Hello! I am seeking reliable sources of South American Single Origin chocolate. I have been using a Colombian and a Venezualan chocolate that claim to be single origin. As I continue my research I am questioning what does it mean, are their standards to claiming Single origin on the labels OR by the distributor? My question is does anyone know where I can get reliable information about this? or what do you know about the 'Single-Origin' chocolate world? Thank you!
You can absolutely have genetic variation w/in a pod. All of the seeds will not be genetically identical.
I can only agree with the previous comments, single origin is a marketing tool. I doubt any chocolate maker will go through a genetic testing session before using this "single origin" term to scientifically validate the premise.
In the end, I feel nowadays it comes to trusting the chocolate makers you deal with. I have moved to Chile and I work with various chocolate makers from South America that I believe trustworthy. If you want some names, just send me a private message asking what chocolate "origins" you're looking for and I'll send you what I have.
In addition, if you don't know it yet, you'll find some rich information around chocolate strains on Mark's website: www.c-spot.com
There are no formal industry standards as to what "single-origin" means. It's probably not a bad idea because of the widespread use of the term and the potential for misleading buyers.
I stopped using the phrase "single-origin" when talking about chocolate a long time ago because, for me, it's no longer either meaningful nor helpful. I now just use the single word "origin." An origin chocolate is one where the place where the beans come from is indicated on the label.
The origin may be big - an entire country: Venzuela. It could be a region: Carenero, Sur del Lago (by Lake Maracaibo), Ocumare. It could be small: a village/community (Chuao) or a farm (Hacienda Concepcion, Hacienda San Jose).

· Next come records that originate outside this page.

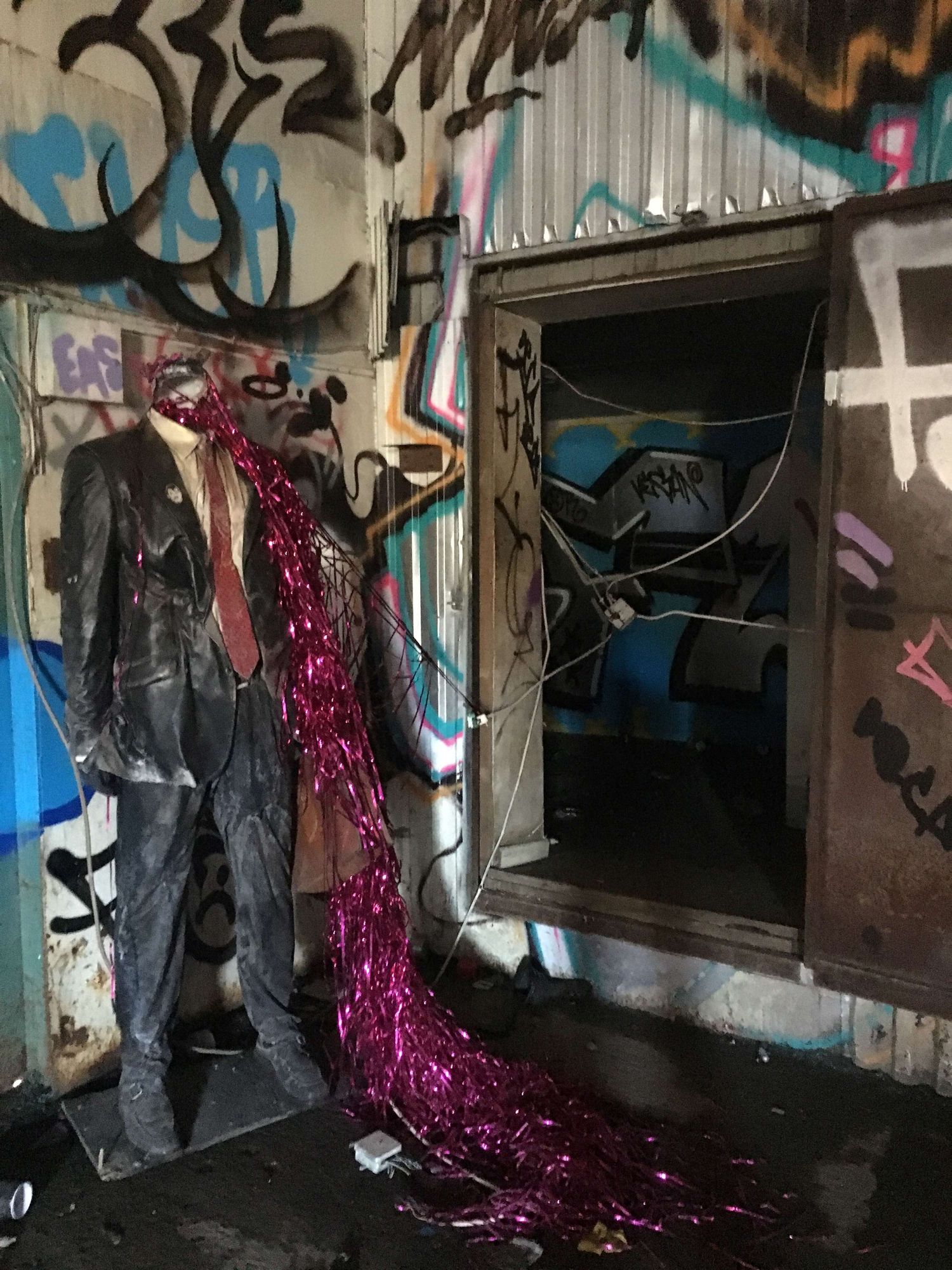 Graffiti and a mannequin in a costume.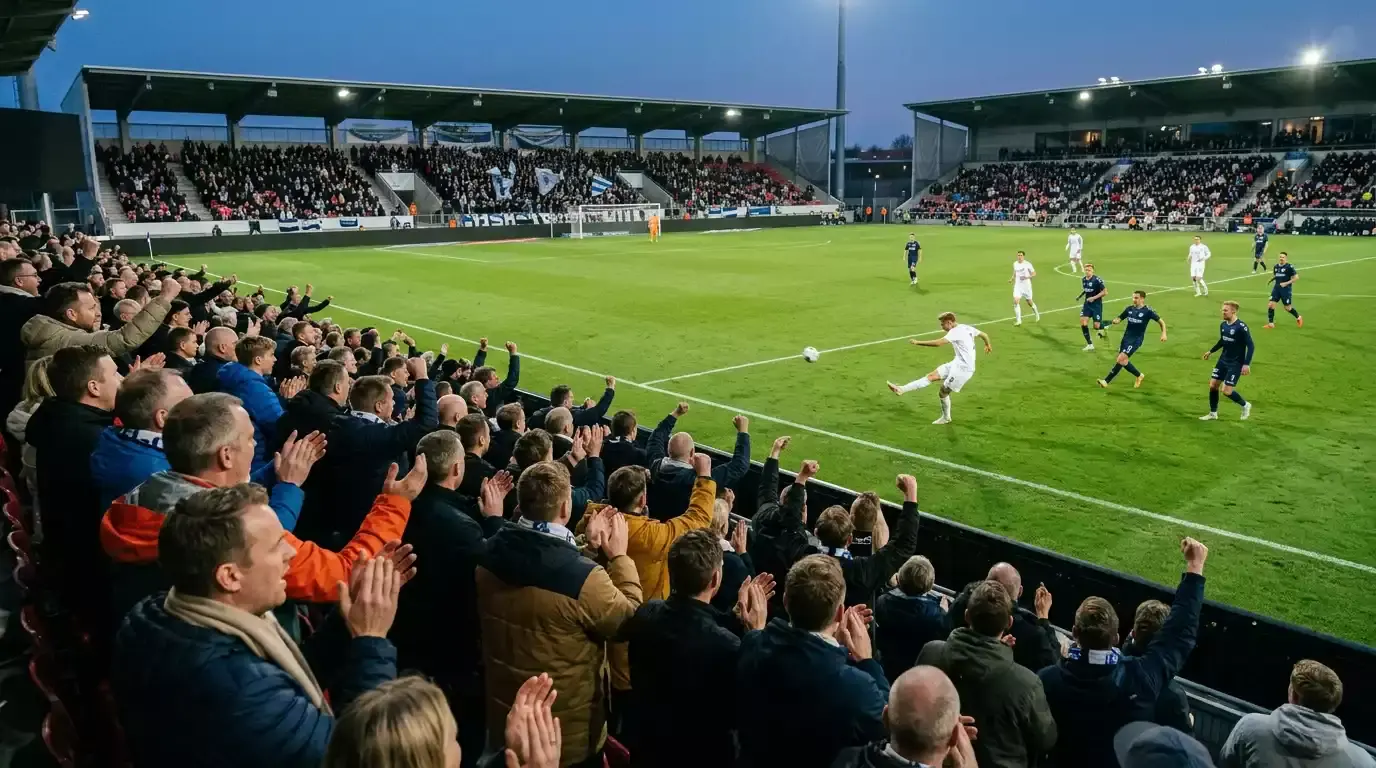 Dansk Superliga-fodboldkamp på en fyldt tribune i tidlig aften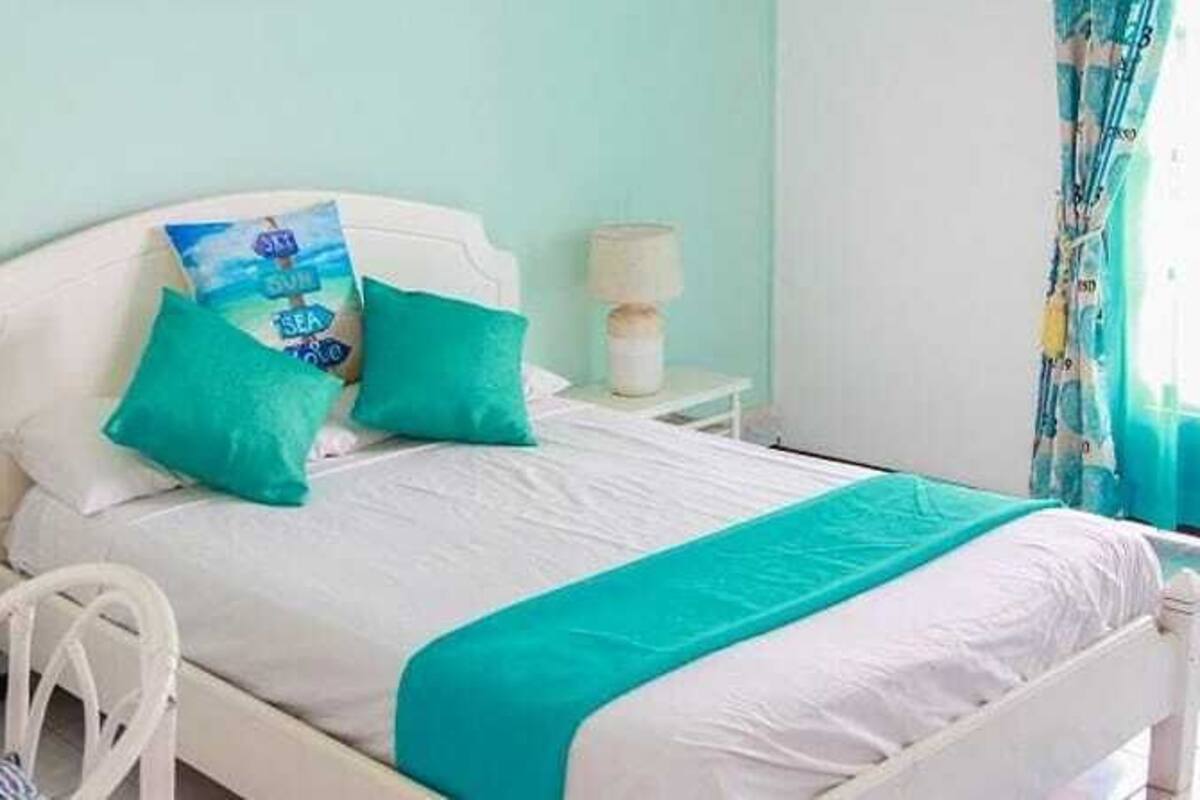 A bed with white bedding and teal accents, a bedside table with a lamp, and a window with curtains.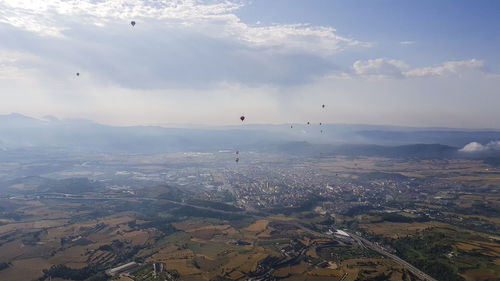 Aerial view of city against sky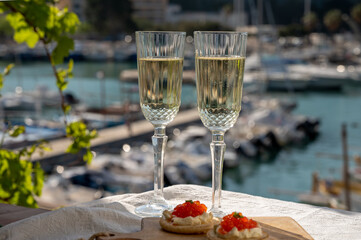 Pairing of blinis with sour cream and salted salmon red caviar and French champagne brut sparkling...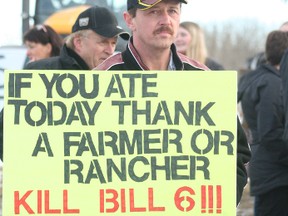 A man takes part in an anti-Bill 6 rally outside the Leduc Recreation Centre on Monday. (BOBBY ROY/Postmedia Network)
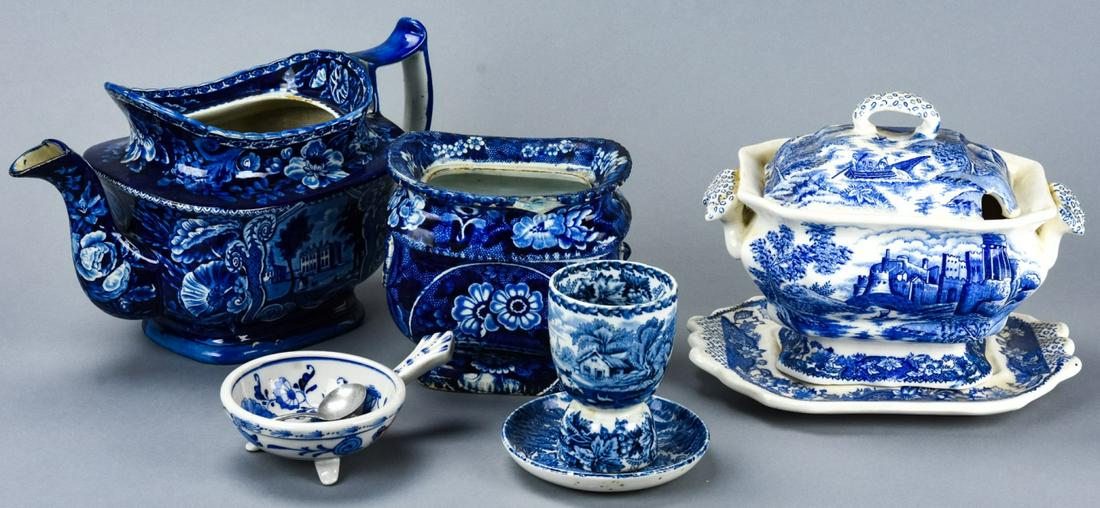 Collection Blue & White Ironstone Serveware Pieces: Collection Blue & White Ironstone Serveware Pieces. Includes teapot, covered tureen, sugar bowl, egg cup and small bowl. Some pieces are marked. Teapot measures 6.25 inches x 11 inches x 5 inches.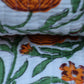Close-up of fabric with orange and green floral pattern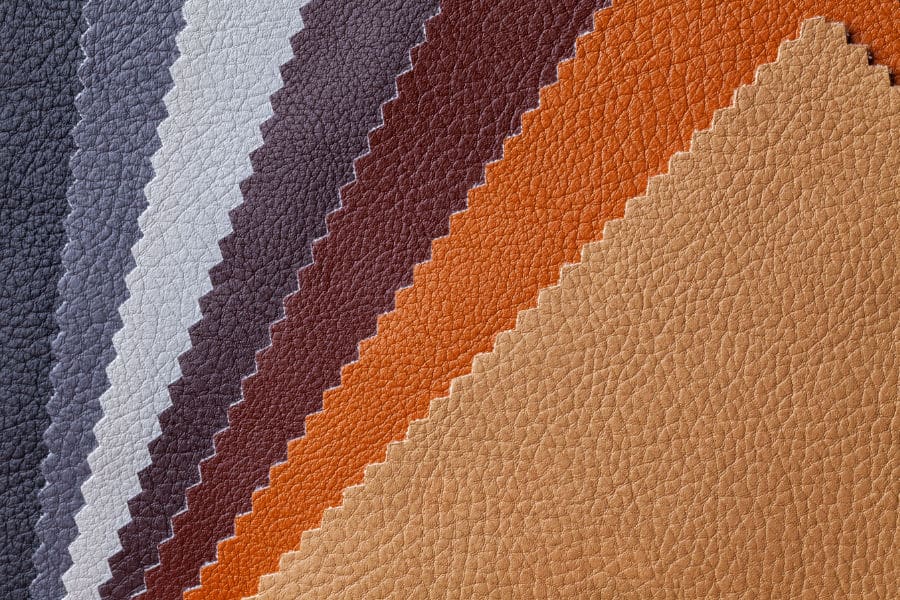 Sample of leather textile brown and gray colors, background. Catalog and palette tone of Interior fabric for furniture, closeup. Collection of multicolored cloth with skin pattern, macro.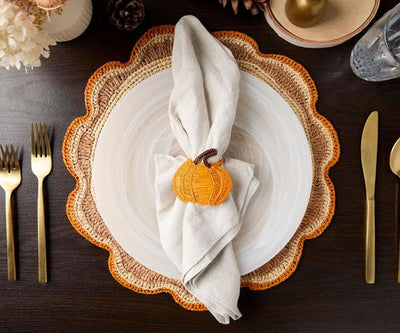 Overhead view of a fall place setting with a pumpkin napkin ring and gold flatware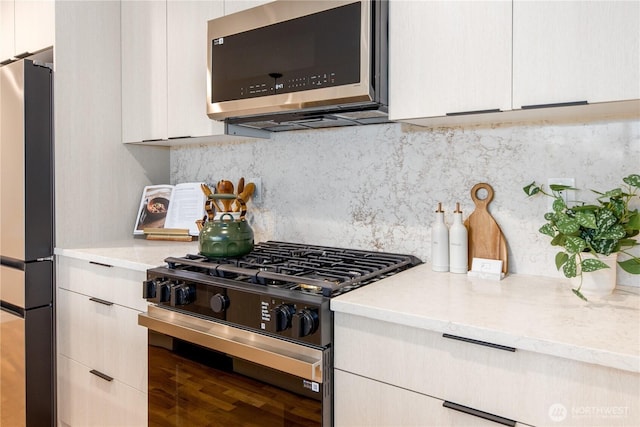 kitchen featuring stainless steel microwave, tasteful backsplash, freestanding refrigerator, range with gas cooktop, and light countertops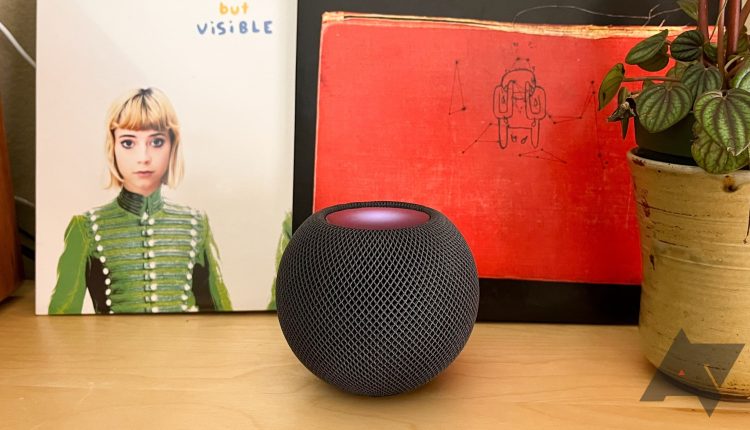 Apple HomePod mini set on a table with vintage record, art, and a plant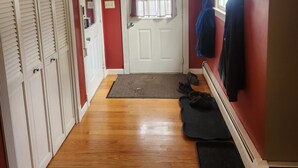 A hallway with wooden flooring, a white door with a window, and a coat rack with jackets. - Skiing, snowshoeing, snowmobile/ATV trails, hunting, hiking and kayaking (Rumford)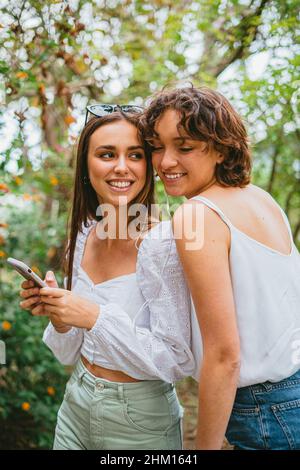 Two young teenager girls listening to music on white headphones and having fun at a park. They are smiling at each other. Stock Photo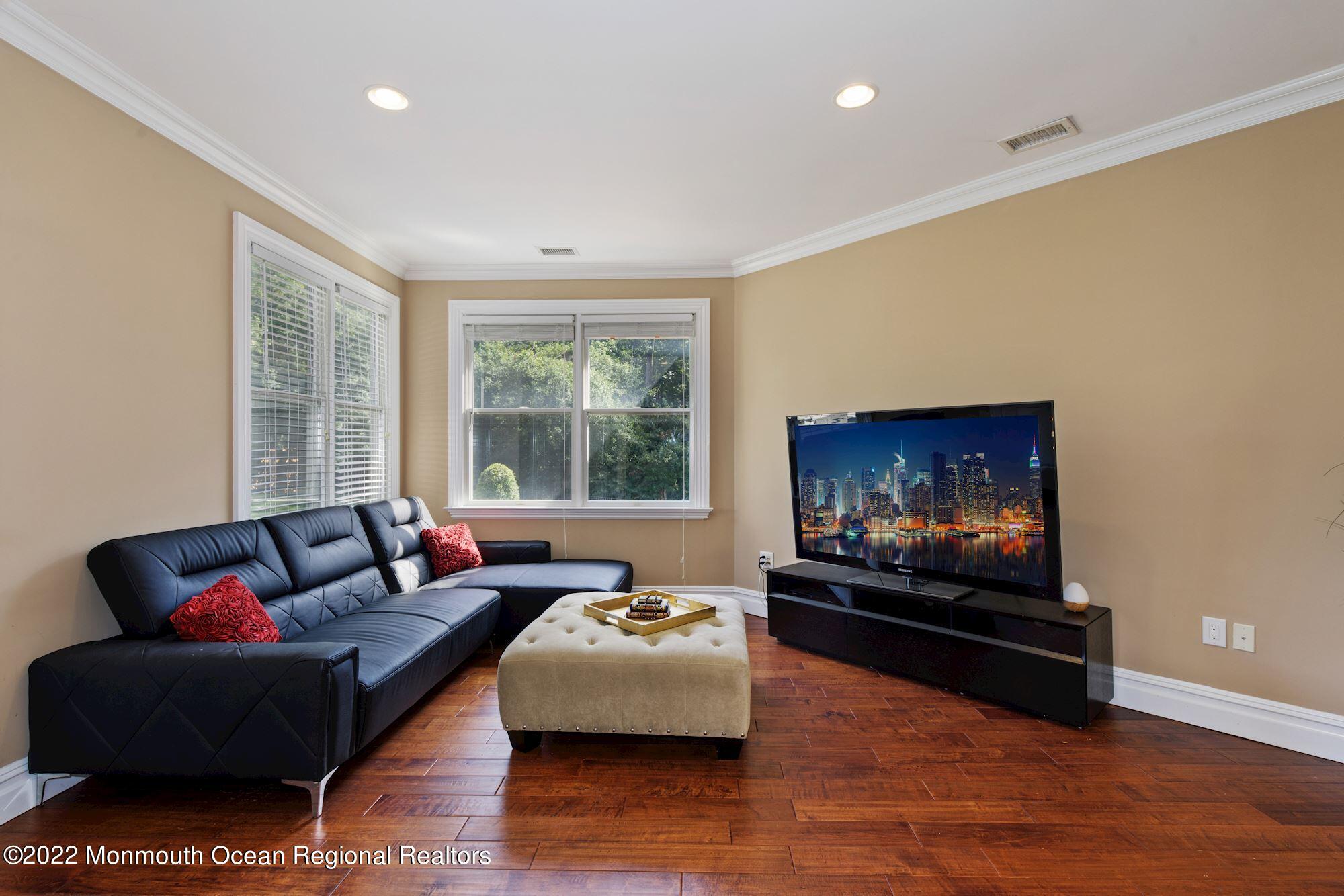 72 Edgewood Road Morganville, NJ 07751 - Photo 47 of 86 a living room with furniture and a flat screen tv
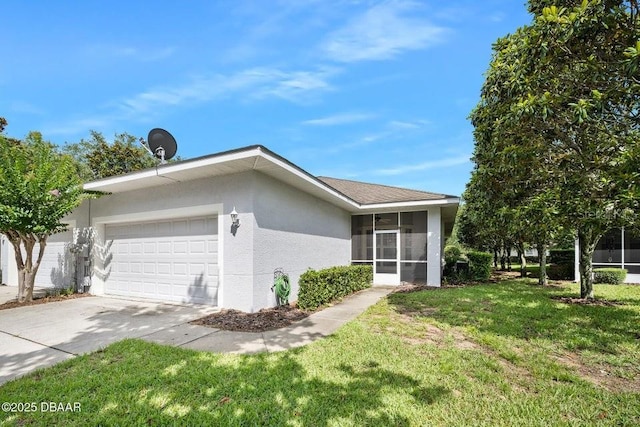3132 Connemara Dr, Ormond Beach, FL 32174 - view of side of home with an attached garage, stucco siding, a sunroom, a lawn, and driveway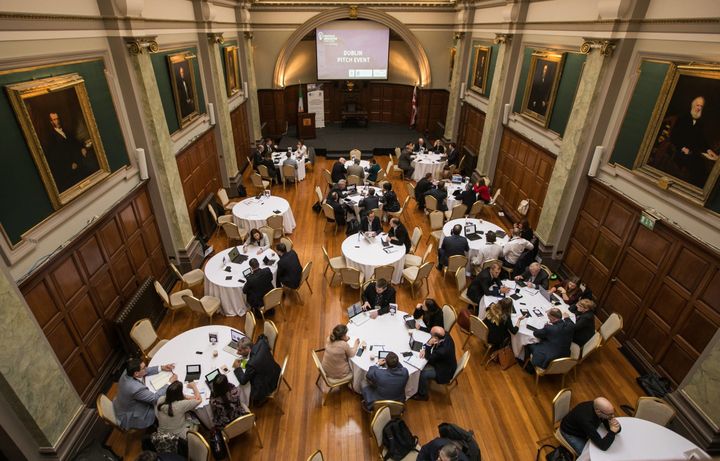 Overhead view of round-table meetings at the MedTech Innovator Dublin Pitch Event hall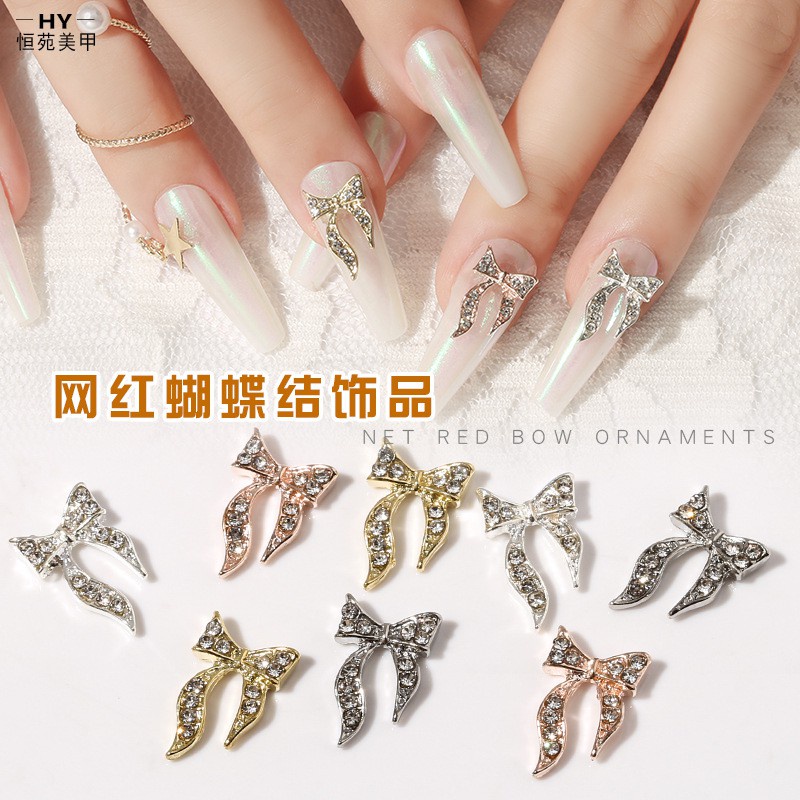 [Hàng mới về] Phụ kiện hình nơ lấp lánh bằng hợp kim màu bạc/ vàng đính móng xinh xắn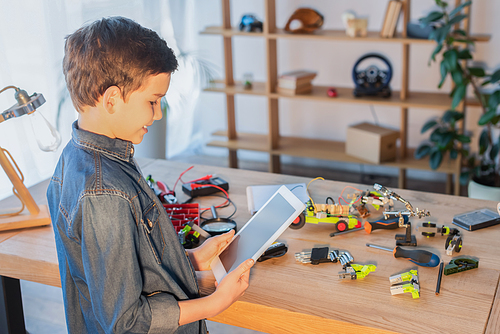 smiling preteen boy with digital tablet near tools and details of robotics model on table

Is a chocolate a single-origin chocolate if it is a blend of beans from two different growing areas of the same country? It might be if your definition of the origin is an entire country. Otherwise not.
Another nuance to consider for companies adding cocoa butter to their chocolate: To be a "true" single origin the cocoa butter has to come from the same place that the beans come from. It's not single-origin if the beans are grown in Venezuela and the cocoa butter is Ghanaian deodorized.
If you really wanted to be picky about it, a "true" single origin would have ALL of the ingredients come from the same origin. Should a "single-origin" from the Dominican Republic be made with Dominican sugar?
Finally, a varietal name is not an origin and can be confusing. Ocumare is also a varietal - and they grow in other places besides Ocumare. (I've seen them in a gene bank in Bolivia - at least they were identified as Ocumare, but that's another story.)
In the end, you have to trust everyone in the supply chain to be telling the truth. Traceability is supposed to be part of agri- and social certifications. Does that mean that accidents and fraud don't happen? Of course not.
Sebastian is totally right about genetic variability within a pod. It depends, from what I have been told, on how many times the flower has been successfully fertilized. This more times, the greater the genetic diversity within the pod. From what I have been told, cacao is nearly unique, if not unique in this respect.